When all costs are considered, the annual average taxpayer cost in these states was $31,166 per convict, according to the study. In Texas, the cost is $21,390 a year per convict.

See the full report, The Price of Prisons: What Incarceration Costs Taxpayers, here.
Factors outside of TDCJ's budget included employee benefits and taxes, underfunded pension benefits and retiree health contributions, retirement costs, judgments and claims, and statewide administrative costs. I wonder what the folks at the Legislative Budget Board would have to say about Vera's calculations, and whether they need to update their Uniform Cost Report (pdf) on corrections as a result?


Lance said...

Hey Scott,

I didn't know you were jumping on the prison privatizing band wagon. The report fails to state that TDCJ employees pay the majority of their retirement cost. This report clearly fails to tell you of the attempt to cut pensions through prison and pension privatization.

Remember correctional officer's average life expectancy is 58 years and they die within a year and half after their retirement. If anything the state should fund more of the retirement and health care for the employees. The ERS pension fund is solvent and does not require a taxpayer bailout. If you want to reduce the prison population Scott, quit taking an ALEC stance on funding prisons.

RSO wife said...

If the price of putting people in prison were only counted in dollars spent by the state, I could agree with you. There are those of us who have had to foot the financial burden alone while those we care about are in jail. That takes a toll on our health and well being as well as our pocketbooks.

IMO this doesn't have as much to do with whether prisons are privatized or not as it does to do with whether we need to put people in prison who could be dealt with in other ways.

Not saying that everyone who breaks the law doesn't need to be punished. Just saying that we need to make the punishment fit the crime and keep those people out of prison who could be on some kind of supervised program.

Instead of being put in a supervised situation where they could still be a taxpaying asset, they are now a liability. They now no longer hold down jobs and pay taxes. They are not able to support their families, who sometimes have to go on welfare to survive.

When a person who was a hard working, taxpaying citizen goes to prison, nobody wins. They sure don't, their families don't, the community doesn't and neither do the taxpayers.

I sure miss Judge Poe and his unusual but effective punishments. Sometimes they were over the top, but at least he gave some thought to it and didn't just throw people in jail to make sure his constituents knew he was "tough on crime" when he came up for reelection.

Gritsforbreakfast said...

I didn't take "an ALEC stance on funding prisons," Lance. This post takes no position on privatization, the study cited simply quantifies off-budget costs to get a truer view of expenses. It doesn't suggest privatization as a solution.

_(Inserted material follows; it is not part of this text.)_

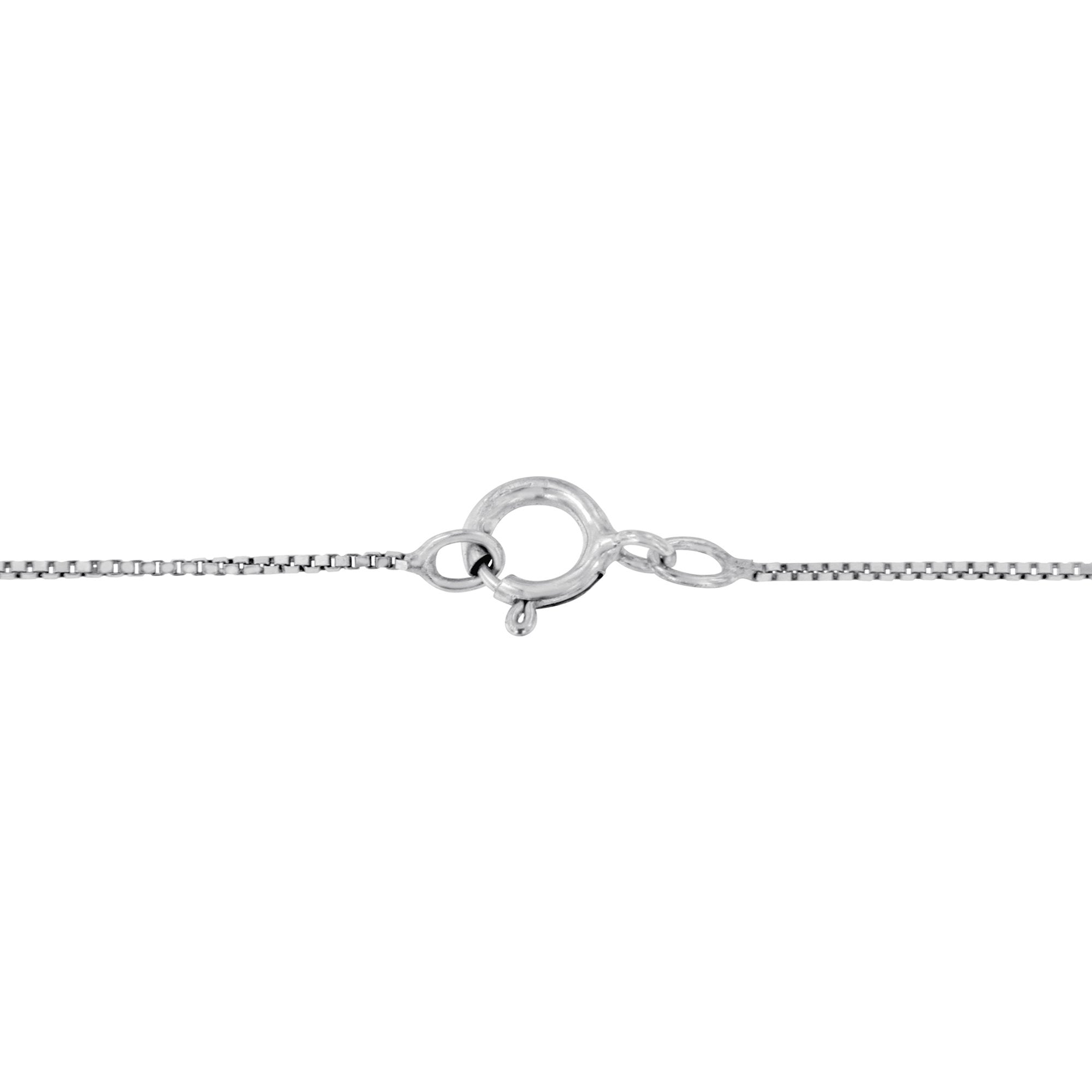 14K White Gold 1/5 Cttw Pear Shape Solitaire Diamond 18" Pendant Necklace (G-H Color, VS2-SI1 Clarity)  DestGlow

It's true pension and retirement costs are a key argument for cost reduction from privatization, but you don't get to ignore reality just because it might agree with your opposition. There are plenty of other truths about privatization that mitigate against it, which this blog frequently discusses.

Anonymous said...

Why does TDCJ not look at the possibility of 'paying' the inmates some monetary amount to do some jobs that would be a win/win solution. Why can't one unit produce some goods that all units can use? Or make items that could be sold to free world? At the present inmates are encouraged to have jobs, but nothing in return for their working. So, why work? If the state cannot pay in actual money, why not 'good time' rewards?

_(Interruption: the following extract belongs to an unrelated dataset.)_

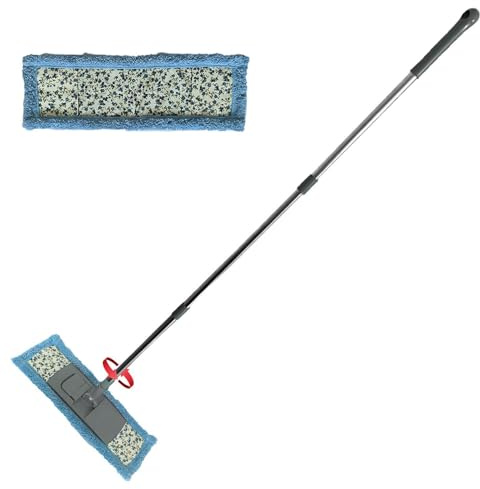Fregona - Mango Largo Regulable en Ángulo para Mojado y Seco | Accesorios de Limpieza para Suelos laminados,para Azulejos, Laminado, techos, Ventanas, Paredes, Esquinas, hogar y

For every inmate we need to realize there is a family somewhere also helping fund the units.

Anonymous said...

Adam Gopnik, "The Caging of America," here:

Anonymous said...

Maybe we should quit locking up so many people. Last legislative session there were over 700 new laws passed and more severe penalites imposed for existing laws.

Anonymous said...

I wonder HOW IS THAT TUFF ON CRIME working for the taxpayers now? Is everyone so dumb as to think this would not come back to bite you. Texas tax payers have to come to grips with that taxes will be raised one day to keep people locked up. Just because they did not raise taxes to save schools means nothing because the LEDG and the other rich will pay to educate there kids and the poor will end up in prison anyway. I bet though they will make an excuse and raise taxes or charge new fees (That is a Texas thang right thar folks) to keep po folks in prison.